● Records shown

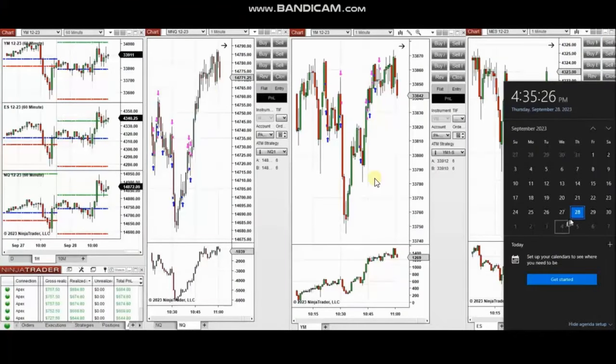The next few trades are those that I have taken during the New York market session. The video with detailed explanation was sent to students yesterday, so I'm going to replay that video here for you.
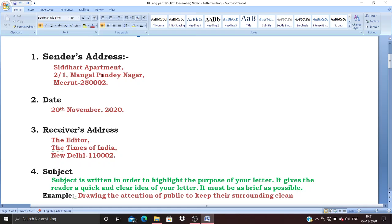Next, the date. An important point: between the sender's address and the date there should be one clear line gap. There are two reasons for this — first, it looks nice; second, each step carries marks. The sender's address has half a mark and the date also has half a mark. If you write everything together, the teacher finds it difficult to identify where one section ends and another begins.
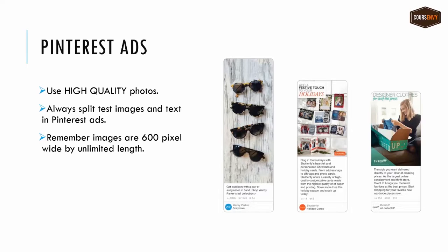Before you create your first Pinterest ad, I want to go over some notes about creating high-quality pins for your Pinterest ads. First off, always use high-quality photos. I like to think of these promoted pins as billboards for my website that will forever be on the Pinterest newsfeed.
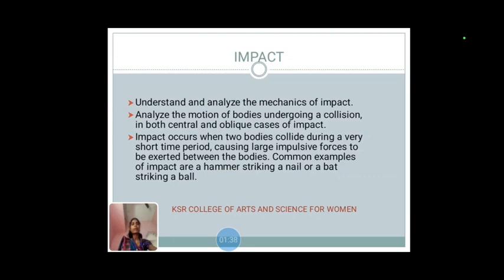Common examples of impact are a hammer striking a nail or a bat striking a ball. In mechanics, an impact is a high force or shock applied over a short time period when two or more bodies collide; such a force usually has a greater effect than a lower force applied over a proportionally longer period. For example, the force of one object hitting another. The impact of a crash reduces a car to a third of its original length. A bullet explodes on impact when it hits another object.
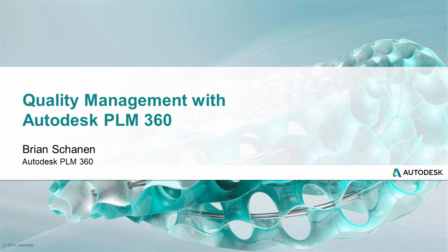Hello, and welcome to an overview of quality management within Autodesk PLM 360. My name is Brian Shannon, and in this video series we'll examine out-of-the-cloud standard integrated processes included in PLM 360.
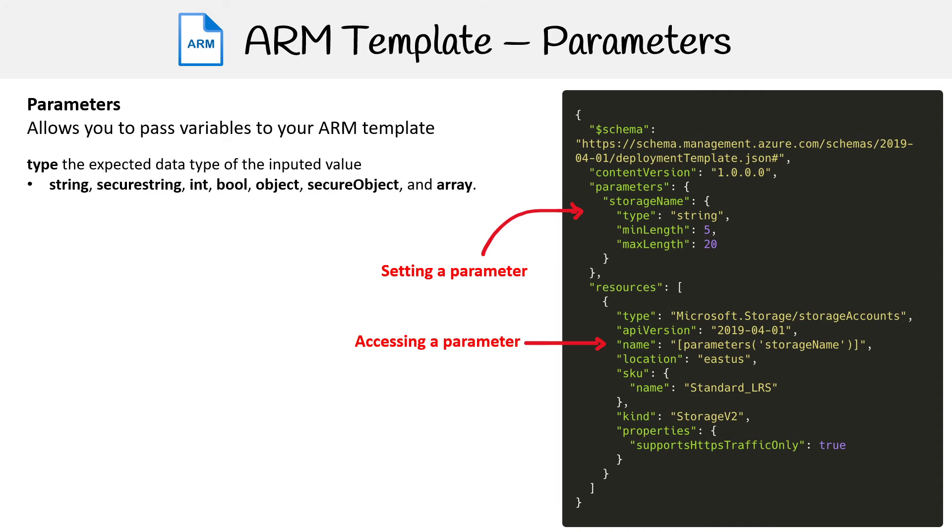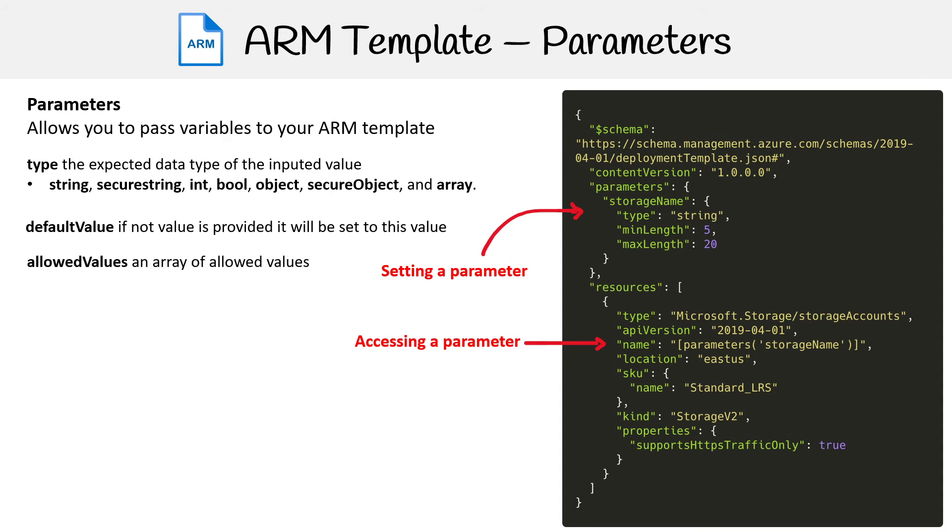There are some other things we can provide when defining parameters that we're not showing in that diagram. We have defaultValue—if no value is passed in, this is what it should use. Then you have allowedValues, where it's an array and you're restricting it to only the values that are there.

● What to produce
Reproduce, word for word, only the lines in the records above from the line with "Common examples of" through the line with "Hello, and welcome", including both ends; omit the pictures.

● Answer to this exercise
Common examples of impact are a hammer striking a nail or a bat striking a ball. In mechanics, an impact is a high force or shock applied over a short time period when two or more bodies collide; such a force usually has a greater effect than a lower force applied over a proportionally longer period. For example, the force of one object hitting another. The impact of a crash reduces a car to a third of its original length. A bullet explodes on impact when it hits another object.
Hello, and welcome to an overview of quality management within Autodesk PLM 360. My name is Brian Shannon, and in this video series we'll examine out-of-the-cloud standard integrated processes included in PLM 360.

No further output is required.